What the task asks:
Find every line of the records that has "with" and return it.

-- Record extracts follows --

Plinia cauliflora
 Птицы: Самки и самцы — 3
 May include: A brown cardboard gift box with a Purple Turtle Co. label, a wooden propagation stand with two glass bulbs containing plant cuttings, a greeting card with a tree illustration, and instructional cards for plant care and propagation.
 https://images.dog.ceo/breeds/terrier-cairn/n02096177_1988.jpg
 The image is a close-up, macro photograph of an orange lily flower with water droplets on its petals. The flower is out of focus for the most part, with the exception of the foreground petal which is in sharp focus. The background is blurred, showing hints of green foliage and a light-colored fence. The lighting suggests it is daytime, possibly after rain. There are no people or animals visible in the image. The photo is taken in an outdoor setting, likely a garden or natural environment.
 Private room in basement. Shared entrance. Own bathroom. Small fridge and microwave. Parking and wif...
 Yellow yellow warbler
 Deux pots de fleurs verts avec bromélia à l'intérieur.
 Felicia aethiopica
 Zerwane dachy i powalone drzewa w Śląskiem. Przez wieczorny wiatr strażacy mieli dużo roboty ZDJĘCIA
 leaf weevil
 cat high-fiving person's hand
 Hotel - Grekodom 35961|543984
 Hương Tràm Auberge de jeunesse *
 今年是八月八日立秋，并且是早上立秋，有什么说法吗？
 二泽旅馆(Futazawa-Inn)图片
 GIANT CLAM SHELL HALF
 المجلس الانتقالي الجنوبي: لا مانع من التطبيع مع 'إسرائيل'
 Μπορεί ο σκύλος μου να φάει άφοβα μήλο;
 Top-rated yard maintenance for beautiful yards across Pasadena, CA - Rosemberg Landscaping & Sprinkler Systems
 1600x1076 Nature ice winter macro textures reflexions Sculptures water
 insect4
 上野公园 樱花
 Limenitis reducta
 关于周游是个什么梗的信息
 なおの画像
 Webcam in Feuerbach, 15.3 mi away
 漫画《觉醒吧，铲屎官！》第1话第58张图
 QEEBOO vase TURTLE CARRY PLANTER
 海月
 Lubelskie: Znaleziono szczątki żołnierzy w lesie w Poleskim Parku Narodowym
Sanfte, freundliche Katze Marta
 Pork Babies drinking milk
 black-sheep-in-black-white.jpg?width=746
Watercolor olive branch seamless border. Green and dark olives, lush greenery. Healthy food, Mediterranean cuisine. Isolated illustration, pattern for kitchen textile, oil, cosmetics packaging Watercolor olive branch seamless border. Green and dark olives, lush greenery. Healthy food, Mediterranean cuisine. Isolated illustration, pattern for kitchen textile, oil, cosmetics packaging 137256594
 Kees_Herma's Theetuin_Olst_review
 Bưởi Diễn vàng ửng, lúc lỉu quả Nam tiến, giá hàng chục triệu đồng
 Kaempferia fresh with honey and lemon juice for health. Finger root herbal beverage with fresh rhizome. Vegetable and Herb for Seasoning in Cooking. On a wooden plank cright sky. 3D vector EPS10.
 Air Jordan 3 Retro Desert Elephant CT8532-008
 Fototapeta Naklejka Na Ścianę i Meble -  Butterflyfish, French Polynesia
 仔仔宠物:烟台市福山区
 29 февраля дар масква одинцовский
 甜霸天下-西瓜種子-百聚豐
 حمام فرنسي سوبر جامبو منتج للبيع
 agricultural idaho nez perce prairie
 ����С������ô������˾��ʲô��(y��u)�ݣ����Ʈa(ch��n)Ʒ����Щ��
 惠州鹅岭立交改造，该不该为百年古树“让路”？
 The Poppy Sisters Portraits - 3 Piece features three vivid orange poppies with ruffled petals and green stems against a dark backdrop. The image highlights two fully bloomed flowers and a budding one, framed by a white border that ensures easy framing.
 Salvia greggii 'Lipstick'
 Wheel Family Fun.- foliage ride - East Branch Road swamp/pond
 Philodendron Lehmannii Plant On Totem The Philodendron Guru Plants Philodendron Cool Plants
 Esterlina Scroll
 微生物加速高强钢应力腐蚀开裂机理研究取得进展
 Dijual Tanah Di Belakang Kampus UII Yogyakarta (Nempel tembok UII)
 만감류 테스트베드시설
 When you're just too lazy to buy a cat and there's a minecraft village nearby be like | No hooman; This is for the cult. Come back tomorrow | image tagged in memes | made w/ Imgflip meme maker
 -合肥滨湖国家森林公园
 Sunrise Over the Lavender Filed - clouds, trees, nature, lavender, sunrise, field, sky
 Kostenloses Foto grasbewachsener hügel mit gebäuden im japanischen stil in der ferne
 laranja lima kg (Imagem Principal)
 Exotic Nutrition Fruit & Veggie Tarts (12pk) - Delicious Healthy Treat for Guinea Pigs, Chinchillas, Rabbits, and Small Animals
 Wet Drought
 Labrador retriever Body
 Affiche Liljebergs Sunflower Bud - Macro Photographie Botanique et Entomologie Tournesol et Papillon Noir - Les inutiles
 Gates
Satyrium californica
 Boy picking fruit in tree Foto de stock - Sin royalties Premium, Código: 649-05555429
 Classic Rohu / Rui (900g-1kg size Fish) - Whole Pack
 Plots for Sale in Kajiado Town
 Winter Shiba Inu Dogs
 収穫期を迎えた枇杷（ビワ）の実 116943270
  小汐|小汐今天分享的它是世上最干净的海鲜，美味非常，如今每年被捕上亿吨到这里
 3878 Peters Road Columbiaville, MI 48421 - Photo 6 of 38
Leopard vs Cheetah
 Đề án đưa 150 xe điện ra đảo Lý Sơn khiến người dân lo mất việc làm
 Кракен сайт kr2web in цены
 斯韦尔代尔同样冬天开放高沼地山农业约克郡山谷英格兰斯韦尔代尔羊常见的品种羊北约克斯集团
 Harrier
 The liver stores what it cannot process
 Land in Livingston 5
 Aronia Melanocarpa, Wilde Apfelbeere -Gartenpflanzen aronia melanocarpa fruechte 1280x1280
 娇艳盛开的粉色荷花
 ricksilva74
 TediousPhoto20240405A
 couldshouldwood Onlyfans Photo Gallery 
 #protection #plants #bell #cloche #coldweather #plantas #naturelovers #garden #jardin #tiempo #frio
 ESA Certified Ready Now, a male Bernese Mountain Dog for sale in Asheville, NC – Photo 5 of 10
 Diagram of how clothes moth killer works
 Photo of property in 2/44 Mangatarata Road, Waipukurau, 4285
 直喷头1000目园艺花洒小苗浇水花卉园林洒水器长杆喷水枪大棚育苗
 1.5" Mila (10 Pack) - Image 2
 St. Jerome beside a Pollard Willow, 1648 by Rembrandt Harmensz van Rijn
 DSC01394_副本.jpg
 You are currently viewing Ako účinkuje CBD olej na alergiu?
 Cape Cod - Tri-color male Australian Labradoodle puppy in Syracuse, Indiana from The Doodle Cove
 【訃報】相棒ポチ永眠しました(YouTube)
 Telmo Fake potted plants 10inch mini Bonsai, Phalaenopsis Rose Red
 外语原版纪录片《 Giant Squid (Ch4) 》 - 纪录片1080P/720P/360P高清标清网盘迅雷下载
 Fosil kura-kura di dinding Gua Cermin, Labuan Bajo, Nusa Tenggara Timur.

-- Record extracts concluded --

Result of the task:
 May include: A brown cardboard gift box with a Purple Turtle Co. label, a wooden propagation stand with two glass bulbs containing plant cuttings, a greeting card with a tree illustration, and instructional cards for plant care and propagation.
 The image is a close-up, macro photograph of an orange lily flower with water droplets on its petals. The flower is out of focus for the most part, with the exception of the foreground petal which is in sharp focus. The background is blurred, showing hints of green foliage and a light-colored fence. The lighting suggests it is daytime, possibly after rain. There are no people or animals visible in the image. The photo is taken in an outdoor setting, likely a garden or natural environment.
 Kaempferia fresh with honey and lemon juice for health. Finger root herbal beverage with fresh rhizome. Vegetable and Herb for Seasoning in Cooking. On a wooden plank cright sky. 3D vector EPS10.
 The Poppy Sisters Portraits - 3 Piece features three vivid orange poppies with ruffled petals and green stems against a dark backdrop. The image highlights two fully bloomed flowers and a budding one, framed by a white border that ensures easy framing.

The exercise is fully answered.